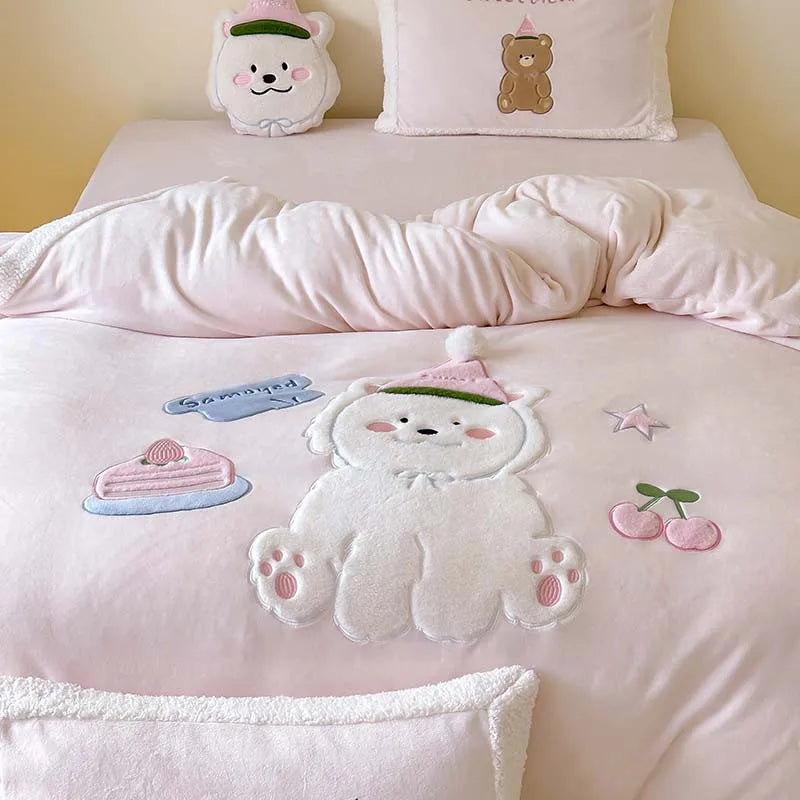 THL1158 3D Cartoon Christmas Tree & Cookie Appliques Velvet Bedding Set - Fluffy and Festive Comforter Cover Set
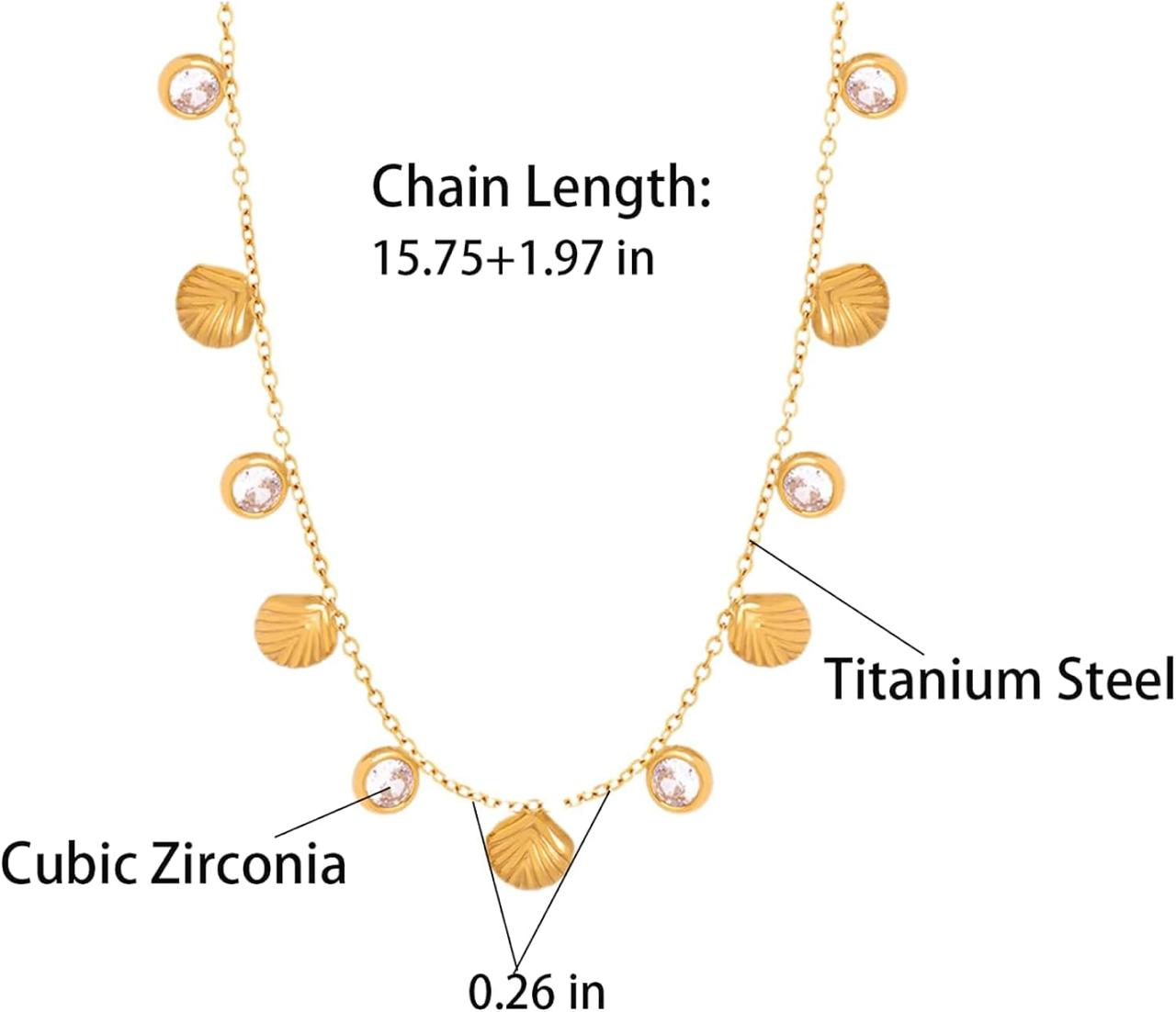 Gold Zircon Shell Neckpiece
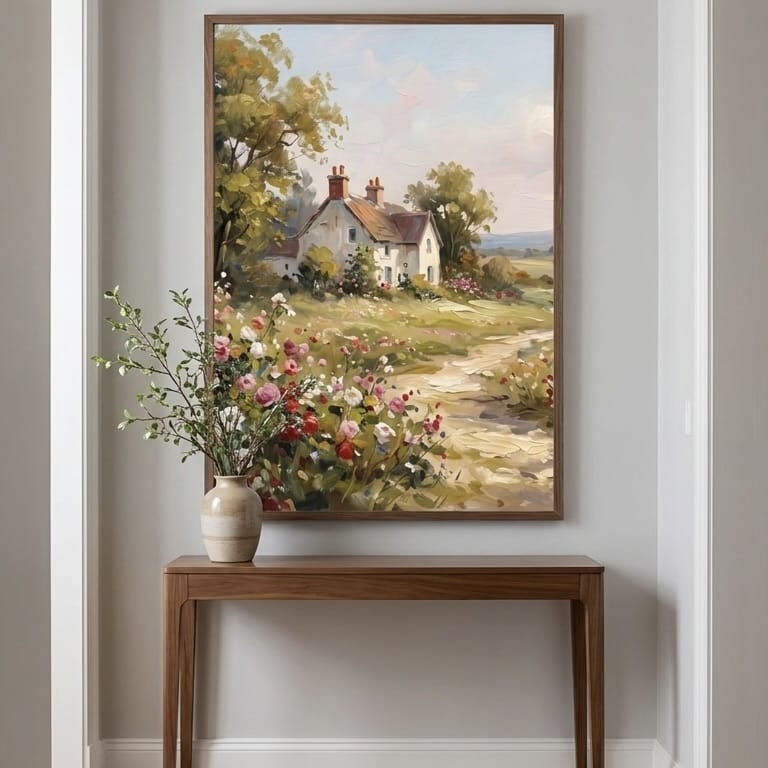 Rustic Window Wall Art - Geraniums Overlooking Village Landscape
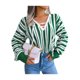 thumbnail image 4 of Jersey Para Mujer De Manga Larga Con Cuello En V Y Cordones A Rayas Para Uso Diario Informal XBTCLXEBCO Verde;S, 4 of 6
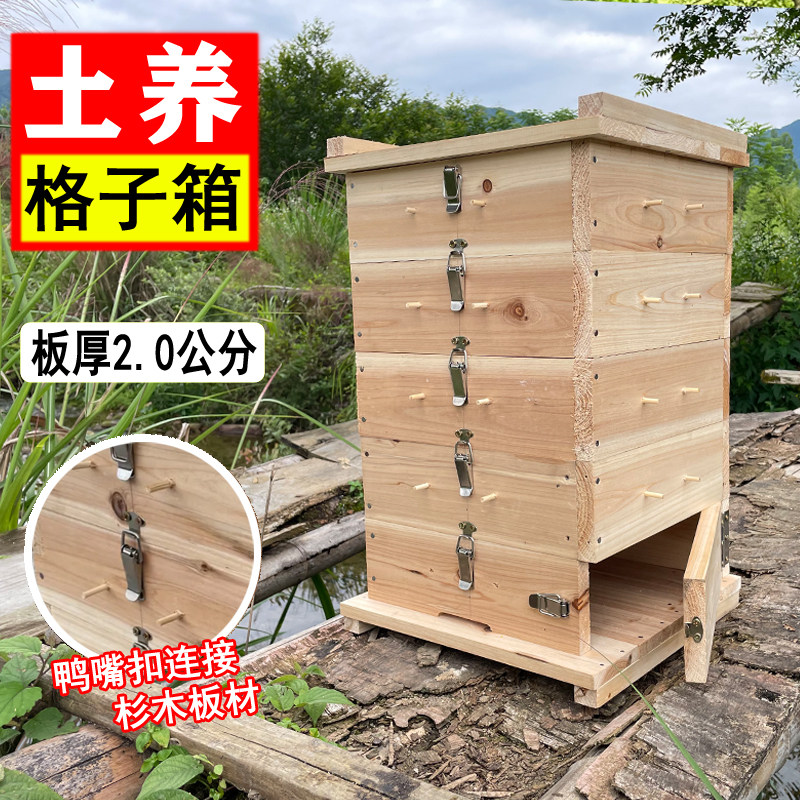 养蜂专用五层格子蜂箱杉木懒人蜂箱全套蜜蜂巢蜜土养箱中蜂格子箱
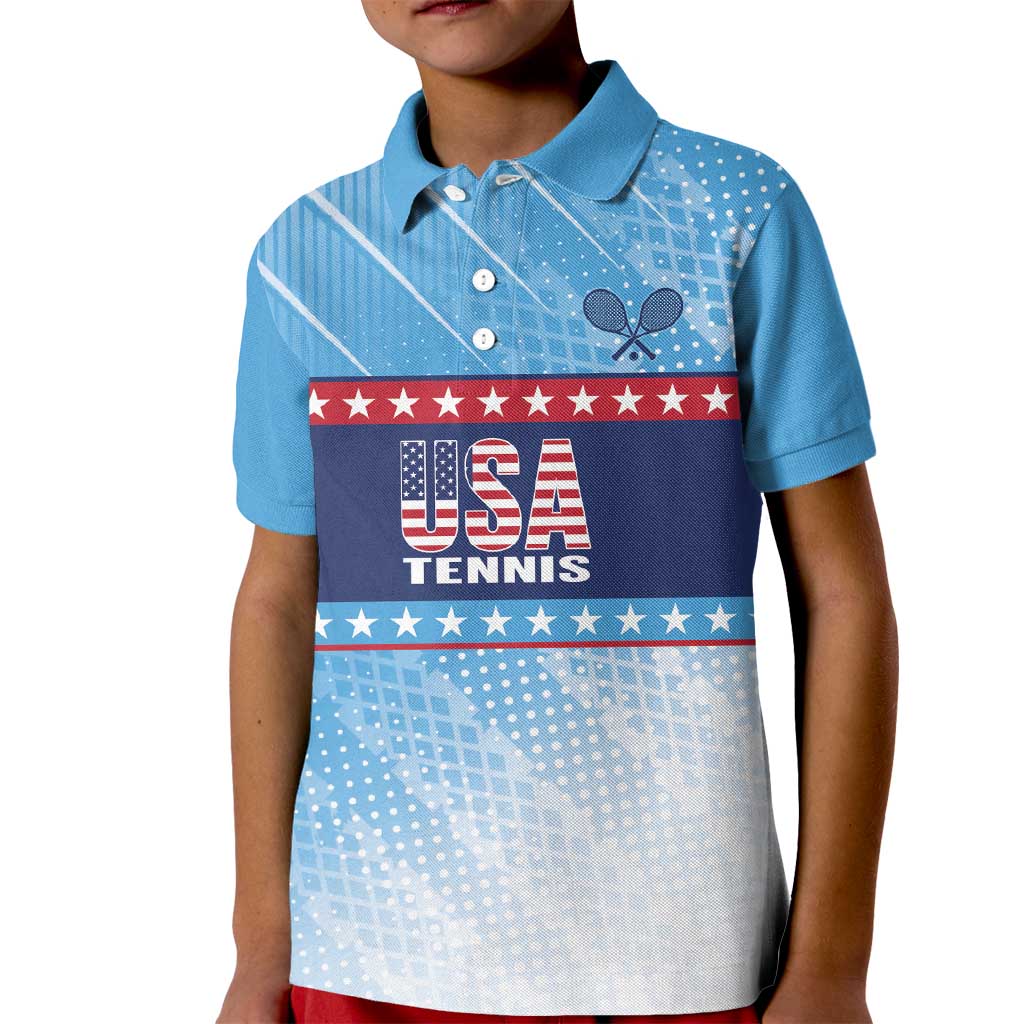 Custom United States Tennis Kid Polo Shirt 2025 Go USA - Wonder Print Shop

...

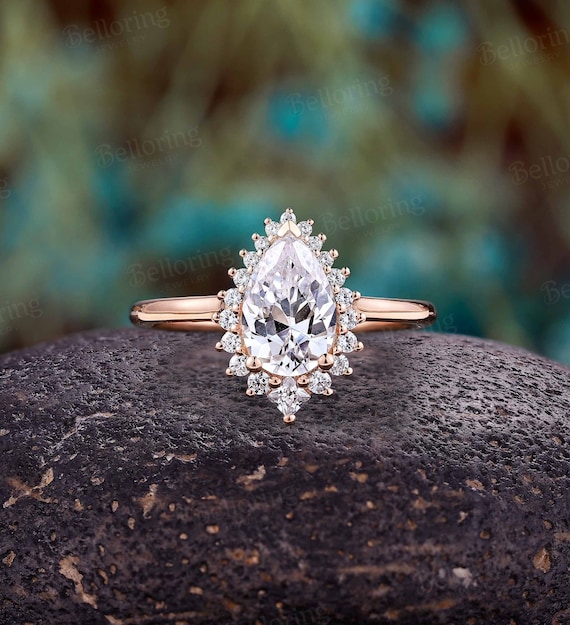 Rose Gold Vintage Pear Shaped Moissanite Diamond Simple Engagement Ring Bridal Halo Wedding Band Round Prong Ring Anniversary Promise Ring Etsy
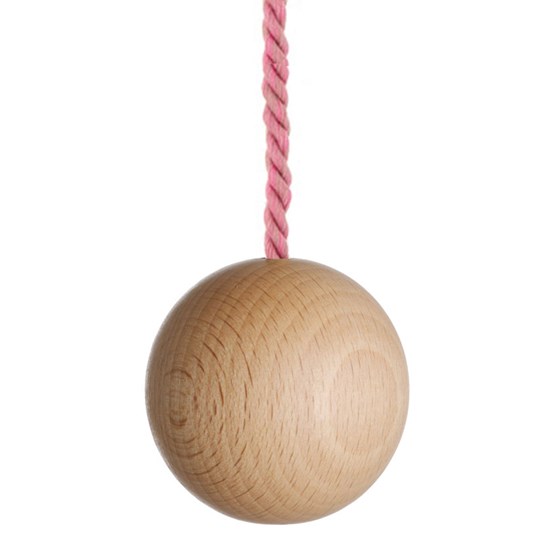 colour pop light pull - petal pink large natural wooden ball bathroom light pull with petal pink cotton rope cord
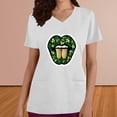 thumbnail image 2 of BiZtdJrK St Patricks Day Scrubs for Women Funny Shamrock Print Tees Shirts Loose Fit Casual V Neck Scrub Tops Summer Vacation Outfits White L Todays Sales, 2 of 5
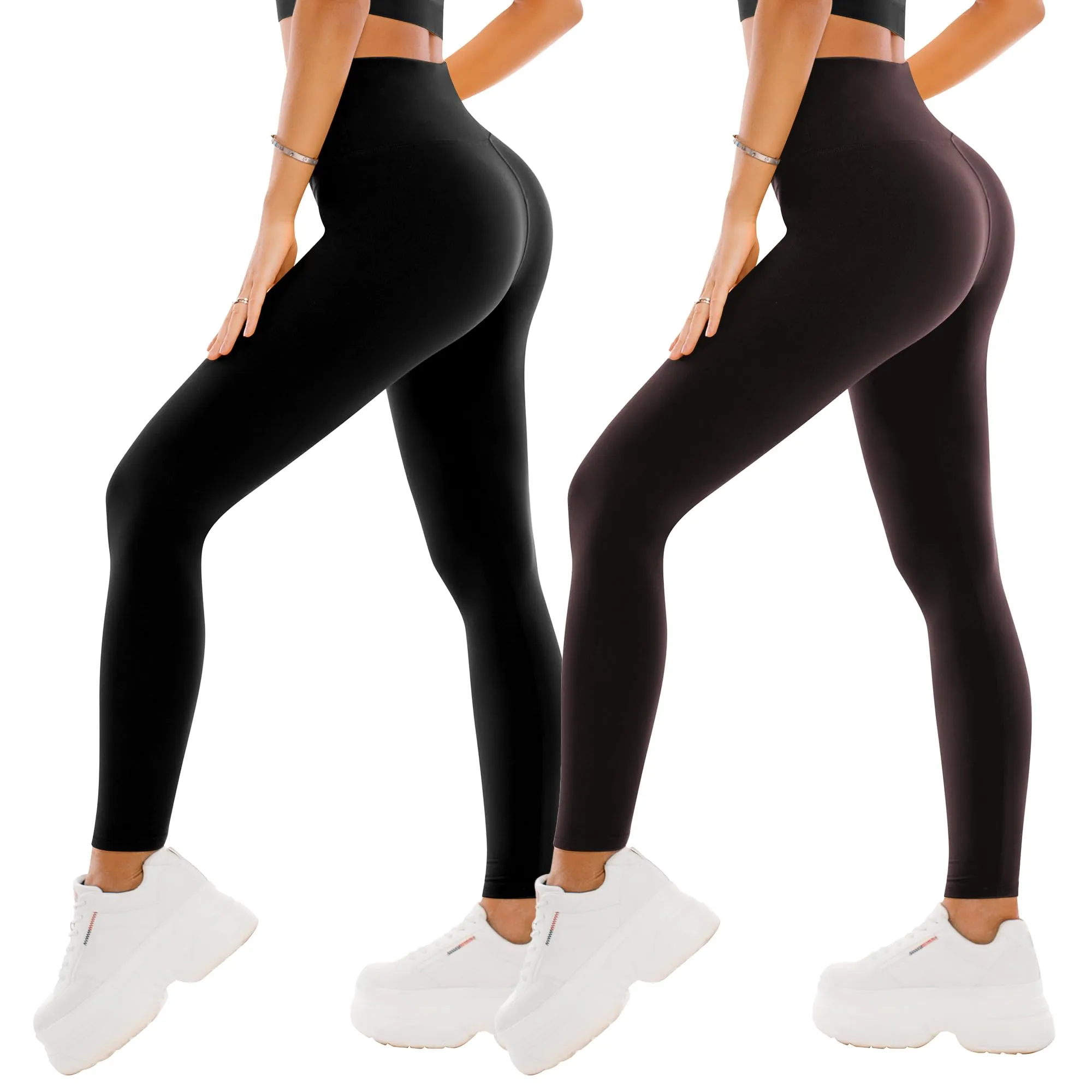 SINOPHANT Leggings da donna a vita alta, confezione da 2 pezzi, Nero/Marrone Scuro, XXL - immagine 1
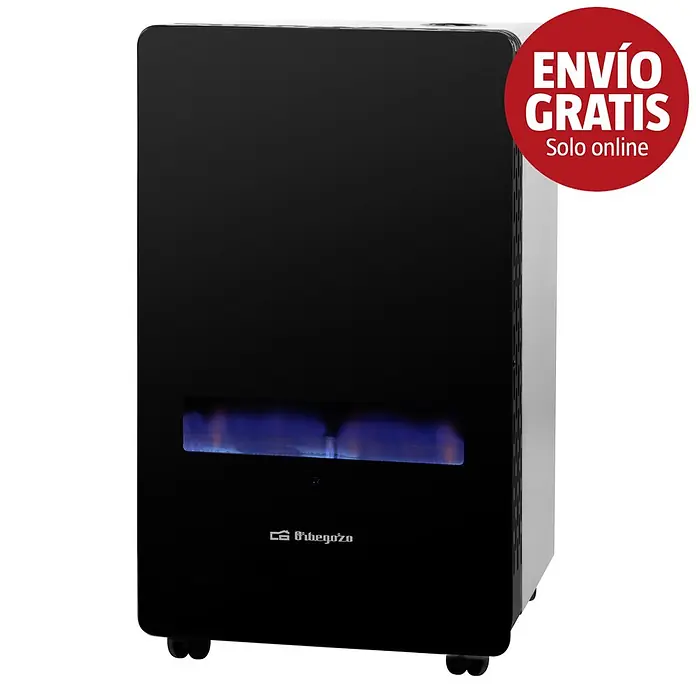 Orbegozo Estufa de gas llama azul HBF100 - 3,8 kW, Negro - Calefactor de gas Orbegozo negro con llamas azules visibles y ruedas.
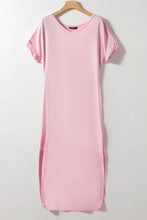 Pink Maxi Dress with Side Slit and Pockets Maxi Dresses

» **Problem to work on**
Using the entries above, transcribe exactly from the line that has "THL1158 3D Cartoon" through the line that has "Custom United States". Pictures are dropped.

» **Response for this exercise**
 THL1158 3D Cartoon Christmas Tree & Cookie Appliques Velvet Bedding Set - Fluffy and Festive Comforter Cover Set
 Gold Zircon Shell Neckpiece
 Rustic Window Wall Art - Geraniums Overlooking Village Landscape
 thumbnail image 4 of Jersey Para Mujer De Manga Larga Con Cuello En V Y Cordones A Rayas Para Uso Diario Informal XBTCLXEBCO Verde;S, 4 of 6
 养蜂专用五层格子蜂箱杉木懒人蜂箱全套蜜蜂巢蜜土养箱中蜂格子箱
 Custom United States Tennis Kid Polo Shirt 2025 Go USA - Wonder Print Shop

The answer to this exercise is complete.